Mr. Rabe, Bertelsmann is pursuing the four strategic goals of becoming a faster, more digital, more international and more diversified company. What progress did you make on this in 2017?

We again made significant progress. Our growth businesses – Fremantle Media, the digital activities of RTL Group and G+J, BMG, Arvato SCM, Arvato Financial Solutions and the Bertelsmann Education Group – collectively achieved organic growth of 5 percent in 2017. They now contribute about onethird of our total revenues. In 2011, it was 20 percent. So, we are improving by about two percentage points a year. In the medium term, the share these businesses contribute to our Group revenues should rise to 40 percent.

Meanwhile, we reduced the revenue share attributable to structurally declining businesses from 16 percent (2011) to around 4 percent. Overall, Bertelsmann's organic growth has improved steadily in recent years. Bertelsmann is growing by its own strength again.

What about the other goals?

The revenue share generated by our digital activities increased to 46 percent in 2017. Here, we’d like to get to over 50 percent in the coming years, so the target is already in sight.

We generated 27 percent of our revenues outside Europe last year, a 20 percent improvement over 2011.

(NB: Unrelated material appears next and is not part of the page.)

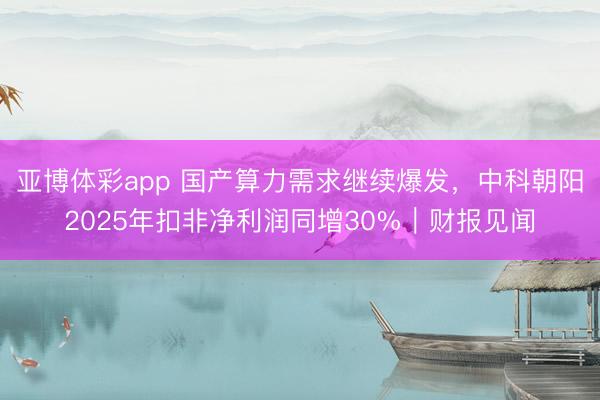 亚博体彩app 国产算力需求继续爆发，中科朝阳2025年扣非净利润同增30%｜财报见闻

And our structure with eight divisions demonstrates that we have become much more diversified. In the past few years, we’ve added new lines of business such as education. Since the shareholding increase in Penguin Random House to a three-quarters majority last October, we own majorities in all of our businesses: 75 percent of RTL Group and Penguin Random House, and 100 percent of all other divisions.

”Creativity is more important than ever in the age of digitization.”

You mention last year’s Penguin Random House transaction – how important is the book business for Bertelsmann?

The book business has been part of our company’s identity for more than 180 years. Bertelsmann has the most diversified creative offer of any company in the world – and the book business stands as a symbol for this. Penguin Random House publishes about 15,000 new books a year, and we have a large number of Nobel Prize winners and renowned authors on our roster such as Dan Brown, Margaret Atwood, Salman Rushdie and the Obamas.

How important is creativity in this age of data and algorithms?

I firmly believe that creativity is more important than ever in the age of digitization. Bertelsmann spends more than five billion euros a year on creative offers of all kinds, including videos, books, magazines, music and services. Simply put, creativity is the foundation of our businesses.

Digitization makes it possible to reach a global audience with our services. For example, the series “American Gods” from our subsidiary Fremantle Media has been broadcast on Amazon Prime in more than 200 countries. It is important that we expand our digital know-how, most recently through 15,000 scholarships for data analysis courses offered by the Udacity online education platform.

What do you think makes Bertelsmann's creative offering so special?

Its diversity and its reach. We deliver the full spectrum of media, services for business clients and educational offerings under a single umbrella. We reach more than one billion people worldwide every day. No other company offers that.

And what are the factors behind Bertelsmann’s success?

First and foremost, our corporate culture, and in particular, entrepreneurship and creativity, the strong local leadership of our businesses, our long-view approach and the relationships we have developed with creative professionals over the years.